“While I understand the passion and the sentiment behind it, I don’t think it’s necessarily constructive at this point,” Senator Bob Menendez (DN.J.) told reporters on Monday. He reiterated that Democrats will present alternatives in hopes of achieving a “positive outcome.”
Members of the Congressional Hispanic Caucus were equally quick to switch to the next steps when they returned to Washington Monday, less than 24 hours after the Senate umpire’s verdict. Though they gave few details about how they would adjust their strategy, those Democrats insisted they could find a way to direct immigration beyond Senate Byzantine rules.
Privately, however, Democrats acknowledge that the MP has likely closed their path to expanding legal status without GOP votes in their $3.5 trillion social spending plan.
The MP’s ruling is the latest thorn in the side of Democrats as they attempt to push the highest progressive priorities into law through the so-called budget reconciliation process, allowing them to bypass a Senate GOP filibuster. Many in Biden’s party saw the reconciliation package as their best chance to deliver on their pledge to push through immigration reform this Congress after years of stalled bipartisan talks.

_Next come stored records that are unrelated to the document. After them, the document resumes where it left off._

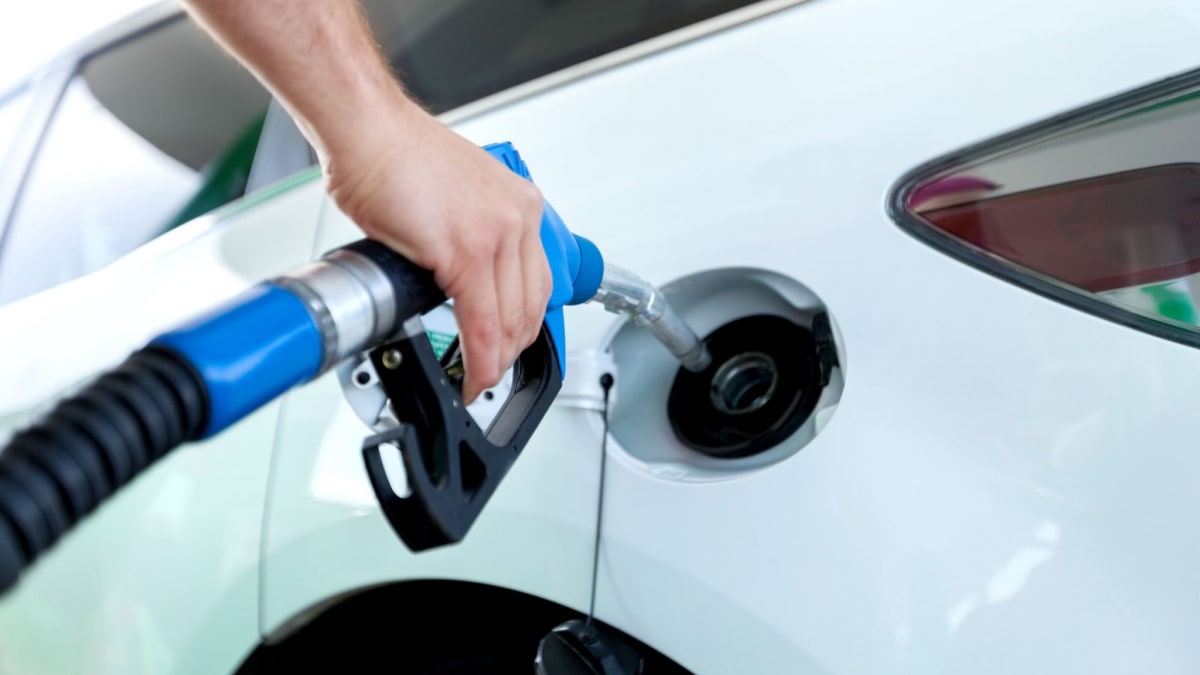 Preços dos combustíveis voltam a subir de forma relevante em março de 2026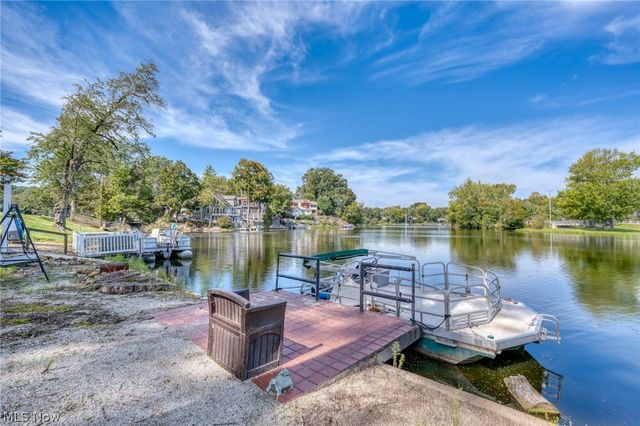158 Oak Drive NW, North Canton, OH 44720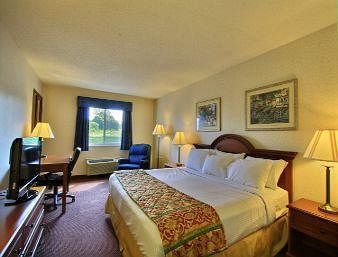 Hotel Baymont Inn And Suites Howell/brighton
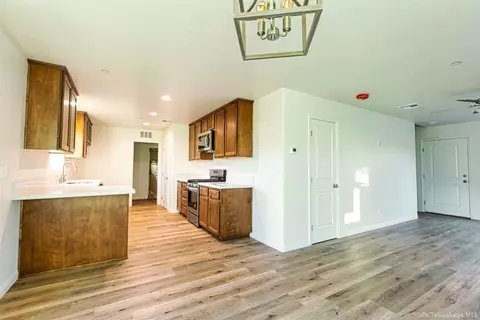 436 Jonathan Pl, Tehachapi, CA 93561 photo 10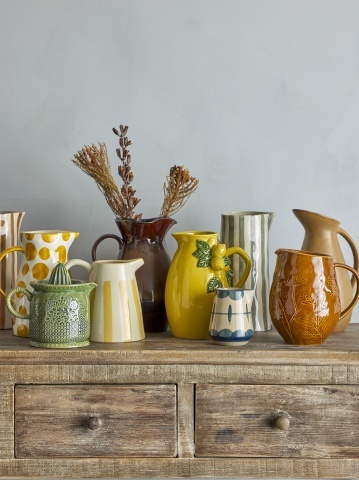 Carafă din ceramică maro antichizat cu model botanic în relief, 1400 ml, 14×18,5 cm, „Bence" - Img 5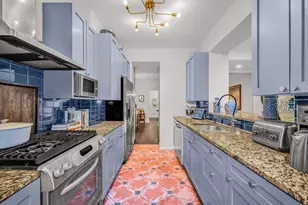 266 W 77th St, New York City, NY 10024 - Photo 5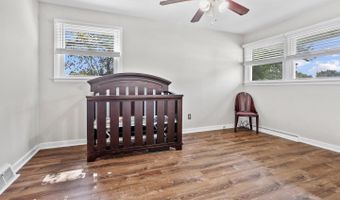 8 N AVON Dr, Claymont, DE 19703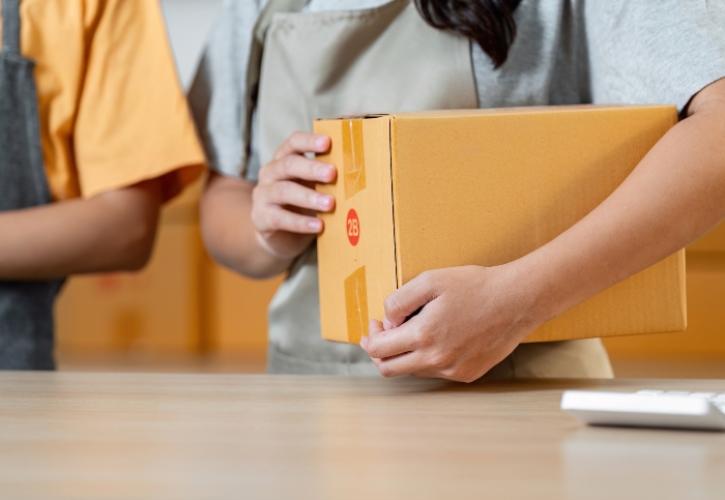 Πάσχα και αποστολές δεμάτων στο εξωτερικό: Τι πρέπει να γνωρίζουν όσοι στέλνουν πασχαλινά δέματα!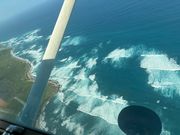 ノースショアはサーフィンのメッカ、高い波が見えました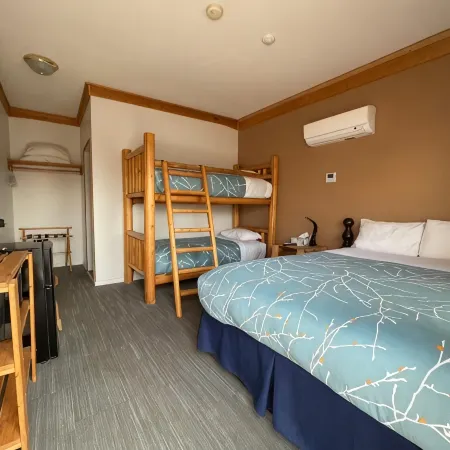 Bear's Claw Lodge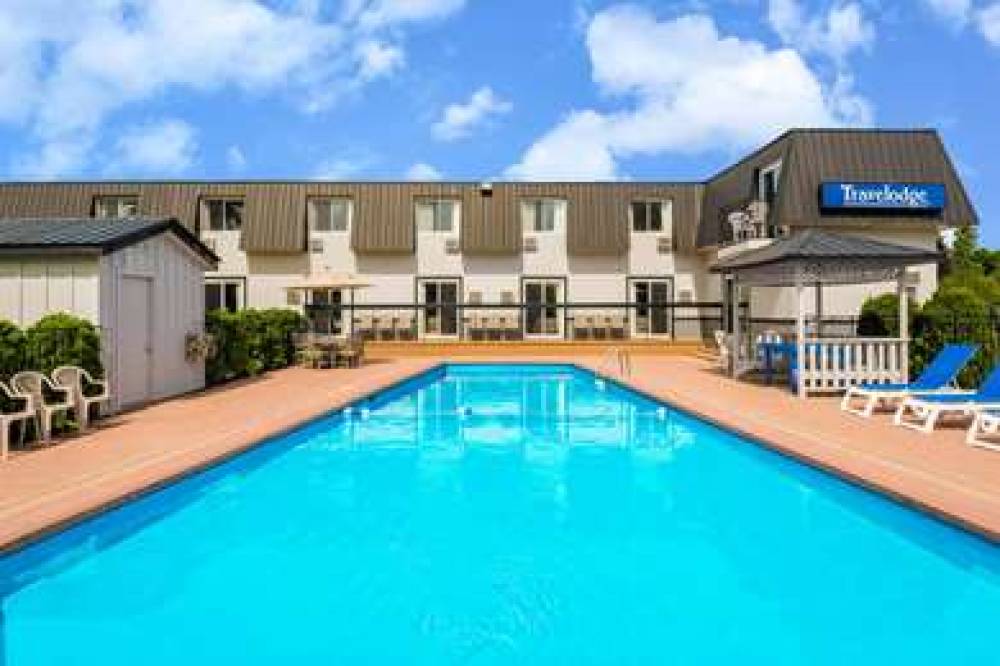 TRAVELODGE BY WYNDHAM GANANOQUE 5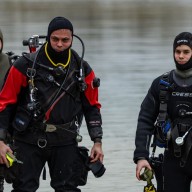 A Palatinus-tó mélyére vitték a feldíszített és fényfüzérrel díszített karácsonyfát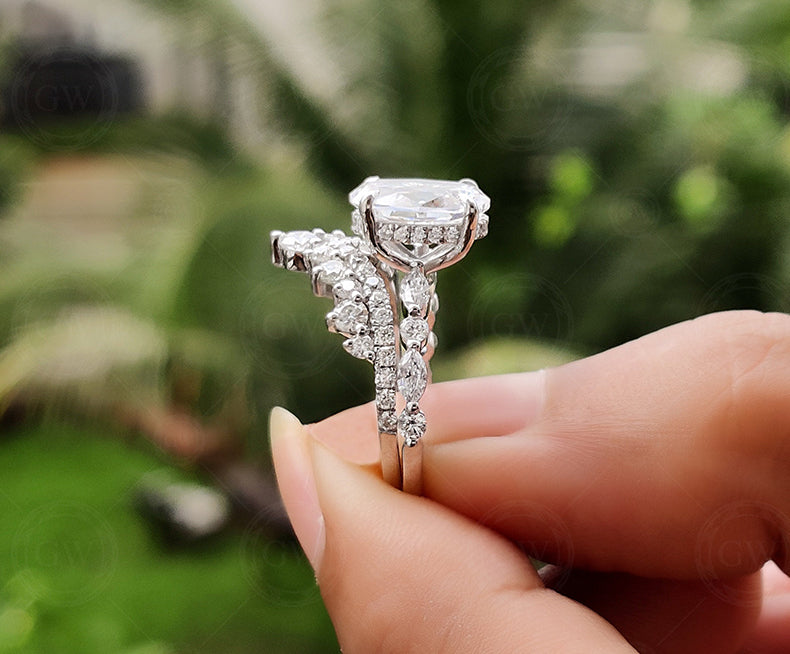 Solitaire Unique Bridal Jewelry Sets Moissanite Elongated Oval Cut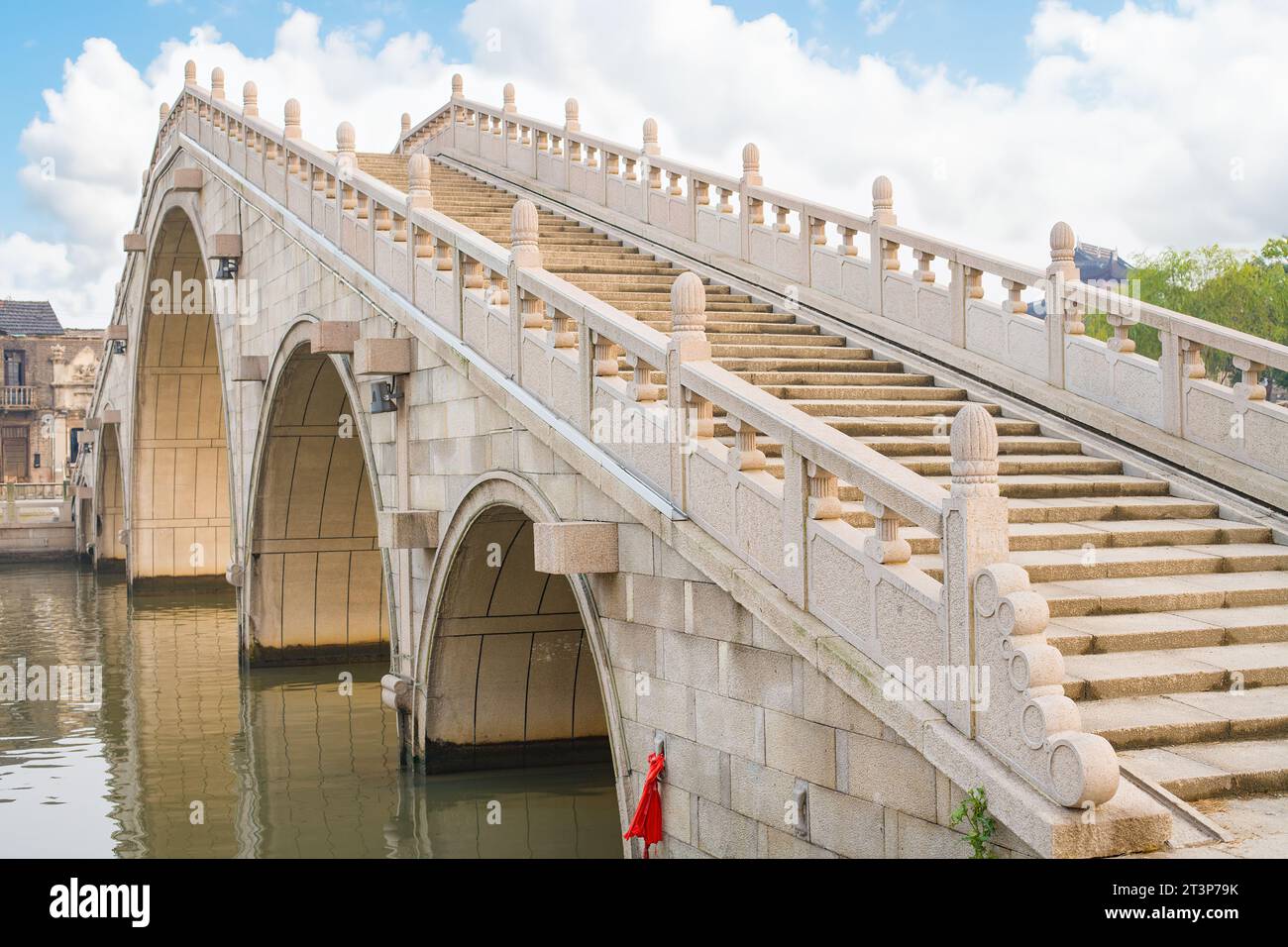 Ponte su un canale a Suzhou, provincia di Jiangsu, Cina Foto Stock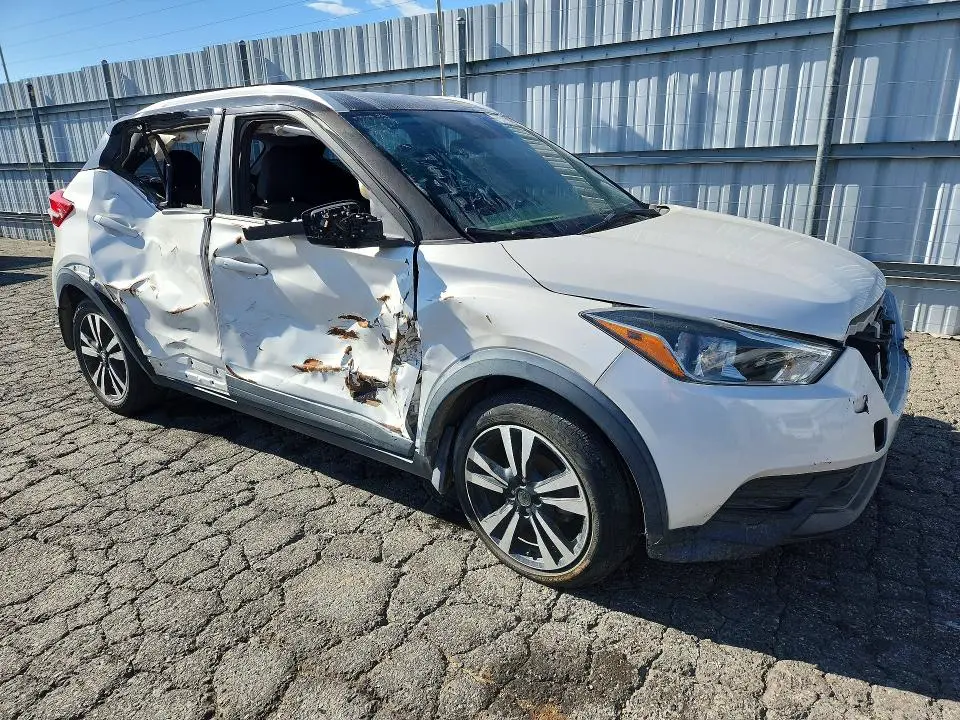2020 NISSAN KICKS SV  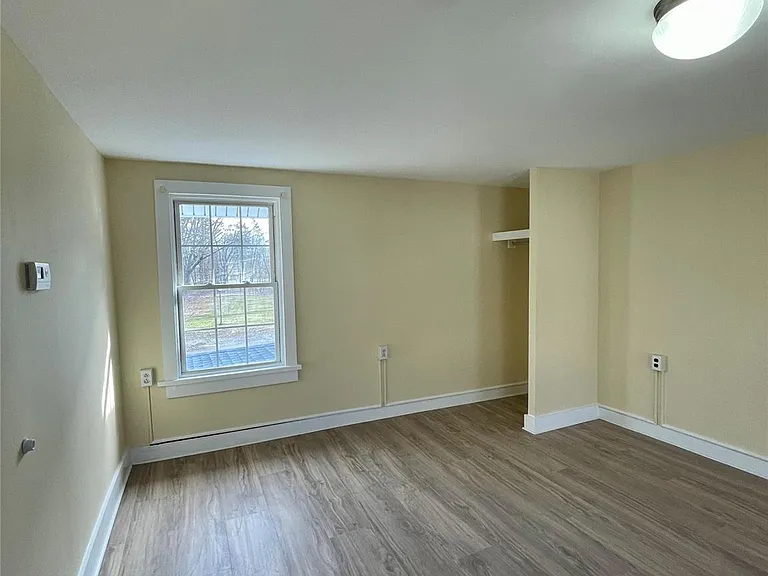 46 E Market St — Photo 12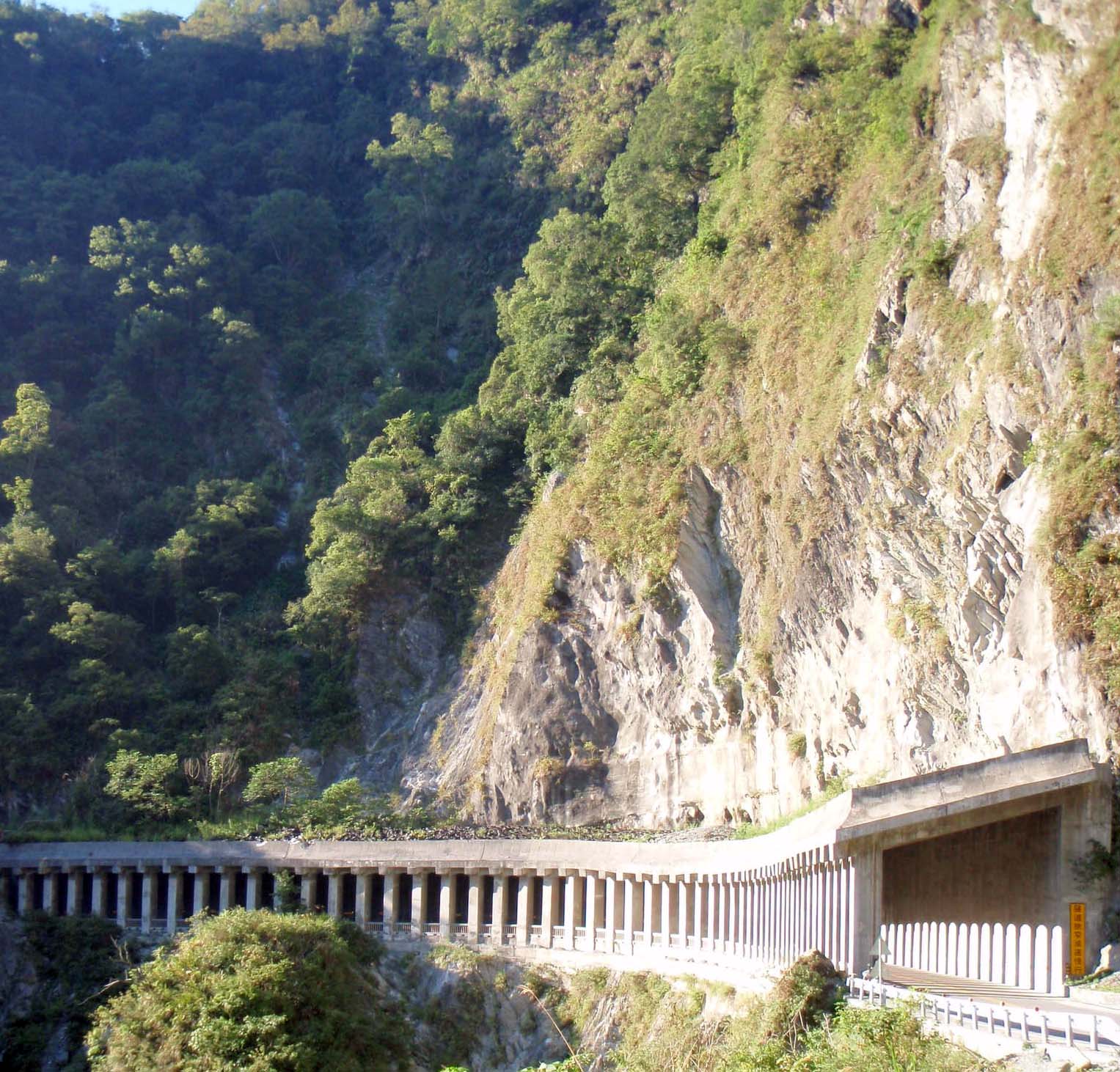 Taroko tunnel.jpg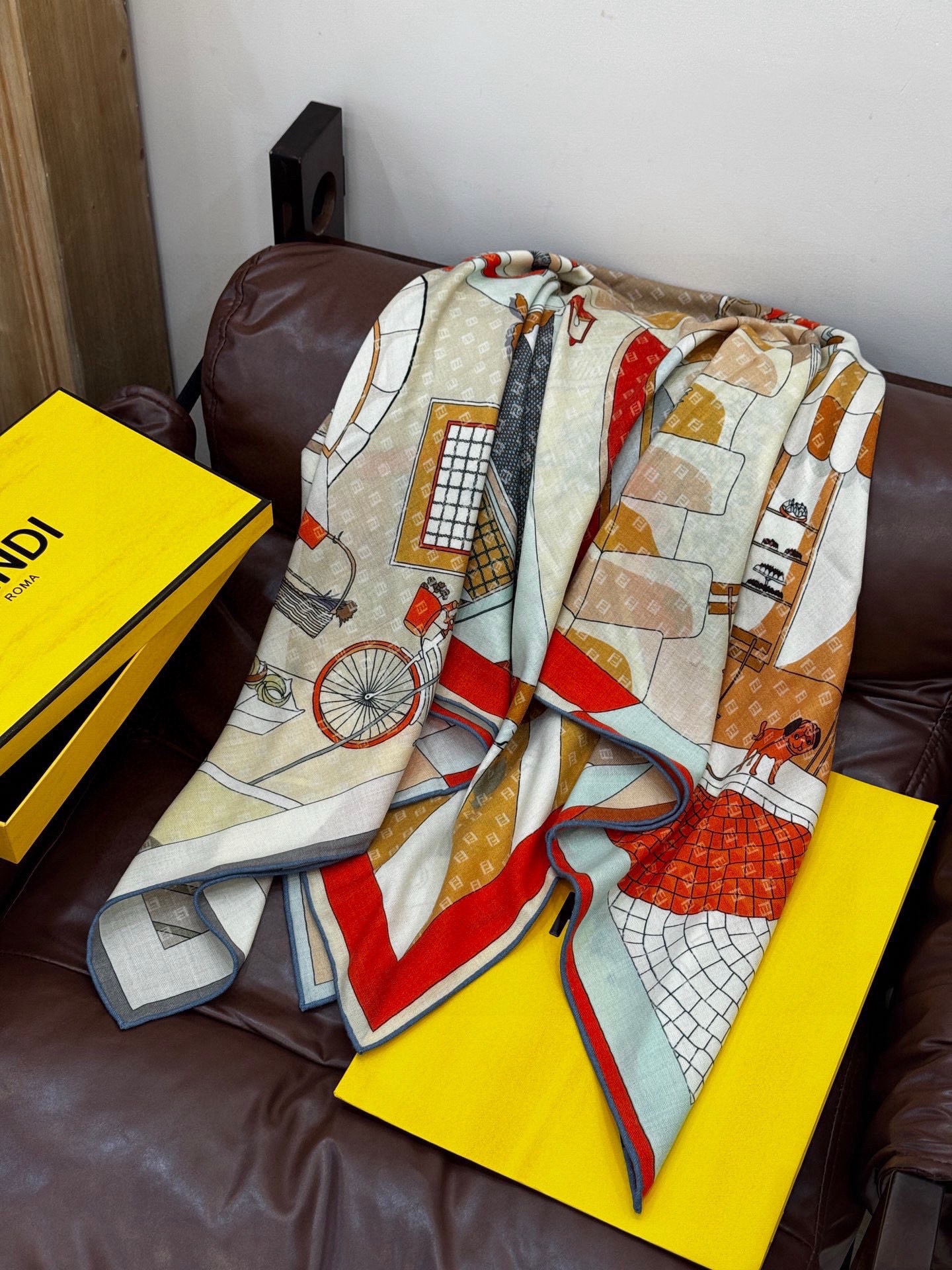 Fendi方形围巾 丝绒材质。采用定制的“Walking around Rome”图案，灵感源自罗马的历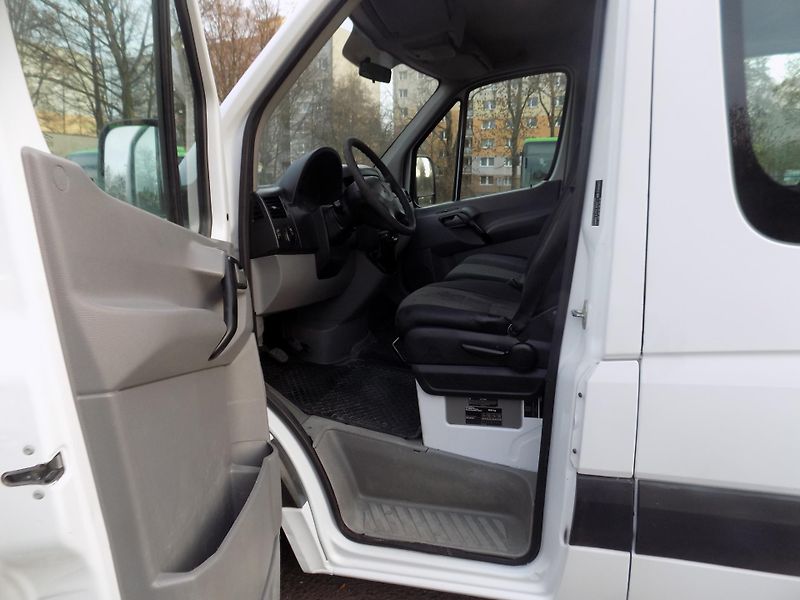 Mercedes-Benz Sprinter (2010) 2.2 95KW L2H1 6 MÍST - fotka 16 z 39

Senate Majority Whip Dick Durbin (D-Ill.) said Monday that Democrats “have a Plan B, C and D” and will meet with the MP soon. When asked if he would support her to ignore her if the Democrats’ backup plans are rejected, Durbin replied, “I don’t think that’s realistic.”
An alternative policy that Democrats and proponents are pursuing is narrowing their horizons on immigration by making a simple change to a decades-old “registration law,” according to several people familiar with the discussions. That law allows immigrants to apply for a green card if they arrived in the U.S. before a certain year, and that date was last changed in 1986 to allow undocumented immigrants who came to the U.S. before 1972 to get a green card. to apply for legal status.
Some Democrats say simply updating that law with a more recent year, which would significantly increase the number of immigrants eligible to apply for legal status, could pass the Senate MP.
“The registry is a possibility,” said Rep. Lucille Roybal-Allard (D-Calif.), noting that the law hasn’t been updated since the Reagan era. “We’re looking at all the different alternatives. We’re not giving up.”
Menendez confirmed his interest in that approach: “We are not changing the law, which was the essence of her arguments that I read in her opinion,” he said. “We’re only updating a date.”
Incorporating some sort of immigration reform into the party’s social spending package is a key priority for both the Congressional Hispanic Caucus and the much larger Congressional Progressive Caucus. That bloc of about 100 members in the House has outlined immigration as one of the five priorities that must be in their package to gain left-wing support.
In the House, at least two Latino Democrats have vowed to oppose the entire package if immigration reform is not included. Still, other lawmakers and aides speculated that those Democrats would be forced to downplay their threat if the MP completely rejects the strategy.
One of those Democrats, Rep. Chuy Garcia, reiterated Monday that “immigration reform must be part of reconciliation.”
The Illinois Democrat also suggested there might be another option: overruling the MP, something Senate Democrats have little appetite for.
“We would like to exhaust all possibilities before we come to something like this. But we must not forget that its role is to interpret rules. In the past, the body has set aside the MP’s recommendations,” Garcia said.
Democrats had argued to the MP that the budgetary effect of providing permanent legal status to Dreamers, farm workers, essential workers during the pandemic and those with temporary protected status would be significant enough to involve in reconciliation as more people qualify would come for federal benefits. But the MP concluded that their proposal is “a broad, new immigration policy” that heralds a societal change that “significantly outweighs the budgetary impact”.
The MP’s decision on Sunday is also likely to renew calls from the left to the Senate to scrap the legislative filibuster, which Senate Democrats currently don’t have the votes for.
“We expected this to be very difficult,” said D-Texas representative Veronica Escobar.
When asked if there would be calls within the Hispanic Caucus to ignore the Senate official, Escobar said “we’re not there yet.”
Senate Republicans praised the MP. sen. Thom Tillis (RN.C.), who is part of a bipartisan working group focused on immigration reform, said Sunday’s decision “rejects the idea that either party could do it alone” and could motivate Republicans and Democrats to return to the negotiation table on the subject.
The bipartisan working group has met several times, including earlier this summer, but there is little evidence of progress so far. Senate Republicans have said they don’t want to tackle a road to citizenship without changes to Biden’s border policy.
When asked whether a bipartisan immigration reform was possible this Congress, Tillis offered a wry dose of reality.
“Of course,” he said. “Like the last 20.”